Lessons from Spain & EU (to contrast)
The UK isn't alone. Spain's successful rollout of DxGPT demonstrates that a clear scope, public reporting of outcomes, and a strong national framework can accelerate adoption. The UK is building its equivalent feedback loop through the AI Airlock and the NHS AI Knowledge Repository. UK trusts can adopt this principle now by sharing assurance work and standardising processes to shorten local deployment times.
Risks to name explicitly
Despite the progress, leaders must manage three clear risks in 2025:
- Tool churn: As seen with the Behold.ai red dot® and NICE, a tool's availability or regulatory status can change, disrupting established clinical pathways.
- Performance drift: The MHRA is clear that continuously learning models must be monitored for performance degradation or bias when used in your specific local population.
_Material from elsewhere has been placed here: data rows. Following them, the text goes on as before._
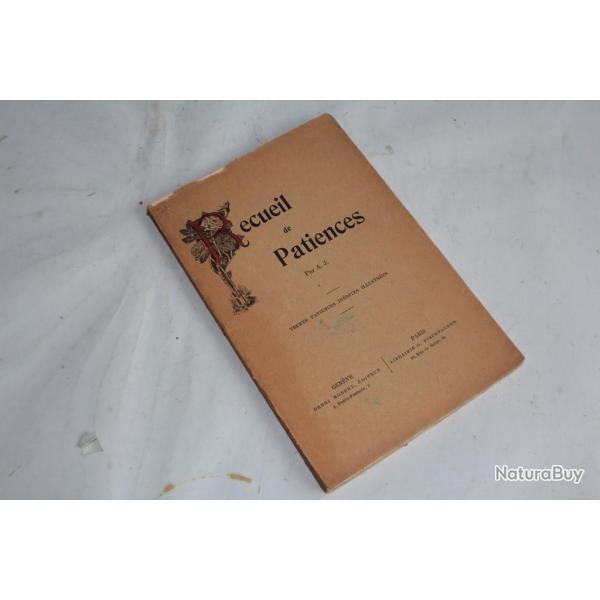 Livre Recueil de 30 patiences / 30 jeux de cartes illustres par A.J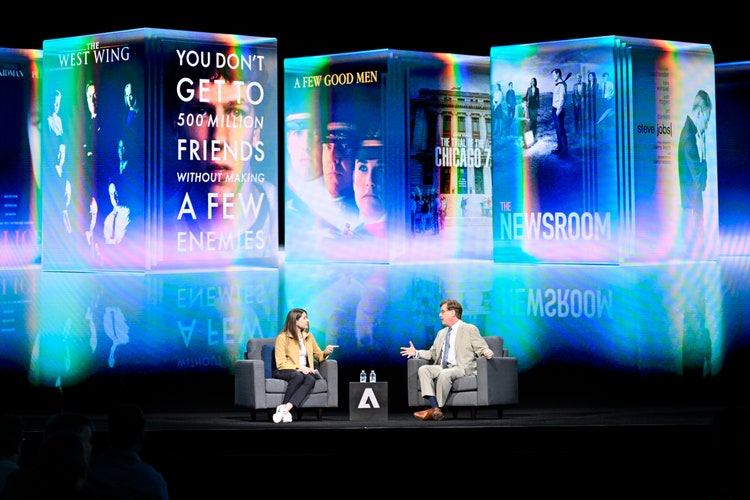 Aaron Sorkin on technology and becoming a content creator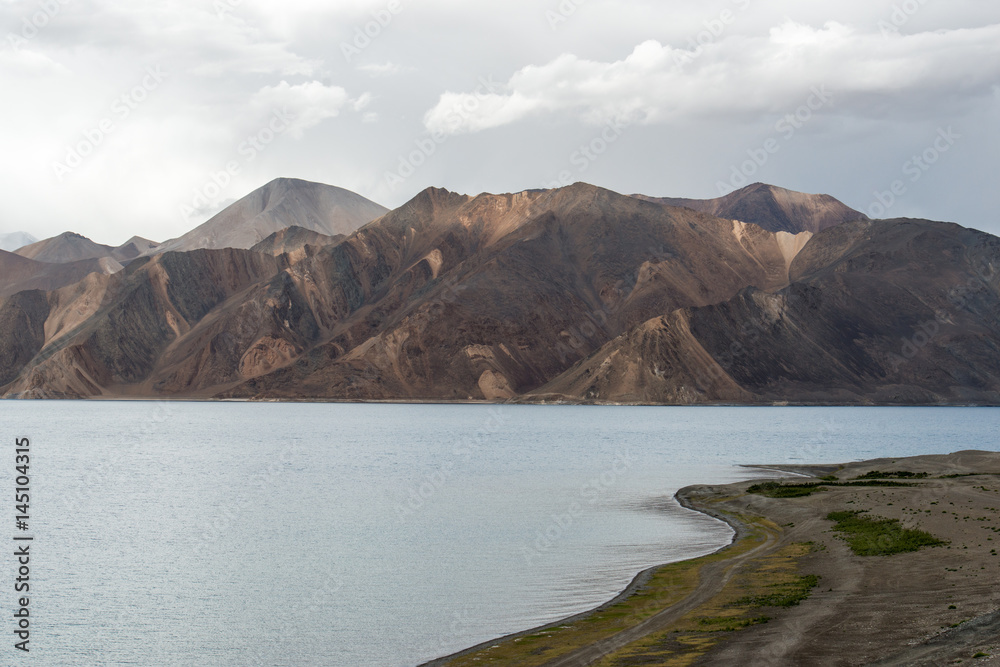 Mountains and Pangong Lake, Leh Ladakh , India
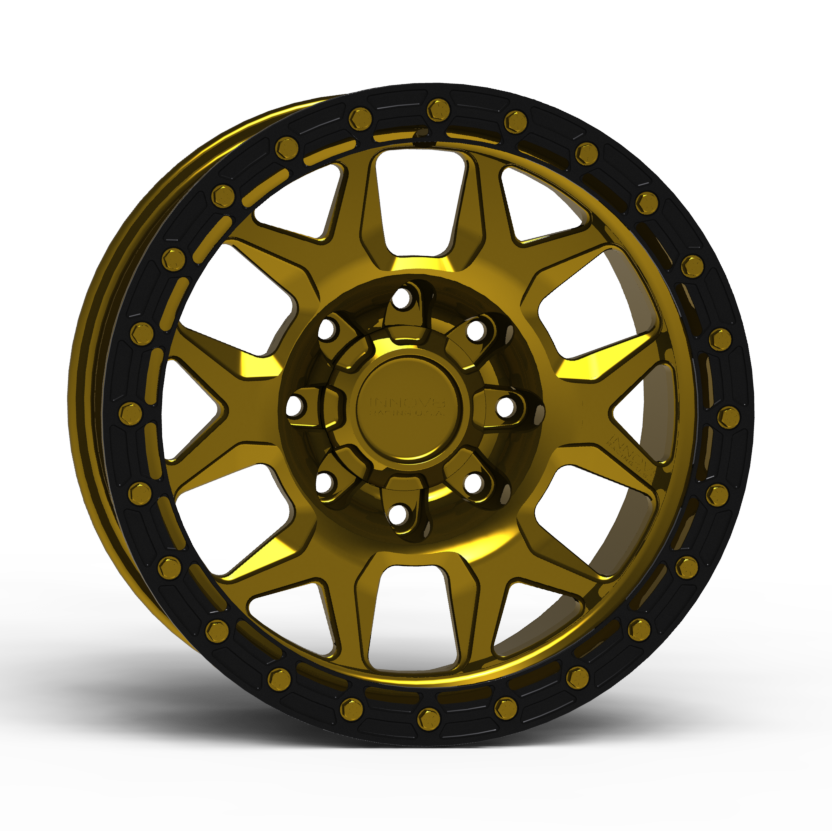 G700 Simulated Beadlock Wheel 18x9.0" 8 Lug - Standard Ring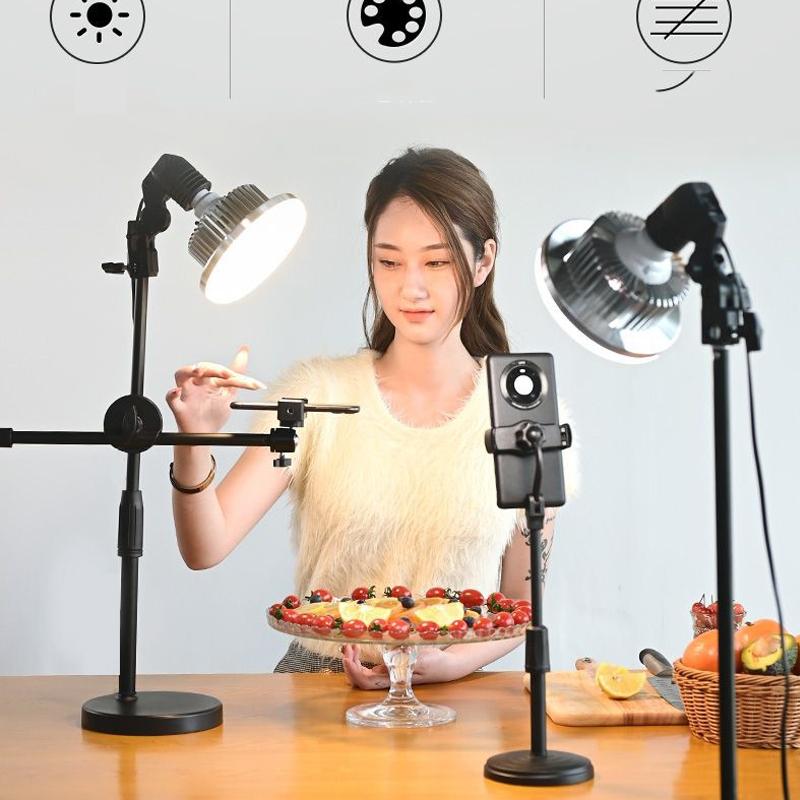500w Mushroom Lamp & Stand for Mobile Phone Photography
- Compliance burnout: Vendors face significant pressure satisfying DTAC, the AI Airlock, and local trust IG requirements simultaneously. This can slow down the market and stifle innovation.
FAQs (schema-ready)
Do all AI tools need DTAC?
Yes. For any NHS procurement, DTAC is the baseline standard. This applies even if the tool is also a regulated medical device.
Is the MHRA AI Airlock mandatory?
No, but it is now the MHRA's preferred route for novel, adaptive, or complex AIaMDs. Its outputs will directly inform future UKCA expectations, so tools that have passed through it are de-risked.
Which tools are safest to start with in 2025?
The safest bets are imaging AI tools that already have clear NICE or EVA signals and are live in other NHS trusts (e.g., Brainomix e-Stroke, Annalise.ai, HeartFlow). Their assurance story is public, proven, and often supported by national funding schemes.
Calls to action
- For NHS trusts and ICBs: Standardise your AI procurement pack now. It must demand a completed DTAC, MHRA device status, and a clear post-market monitoring plan. Prioritise tools already validated in the NHS AI Diagnostic Fund pipelines to save time on assurance.
- For AI vendors: Be transparent. Publish your completed DTAC, your clinical safety case, and your AI model update policy. Align your evidence and reporting to the AI Airlock format to speed up future procurement cycles.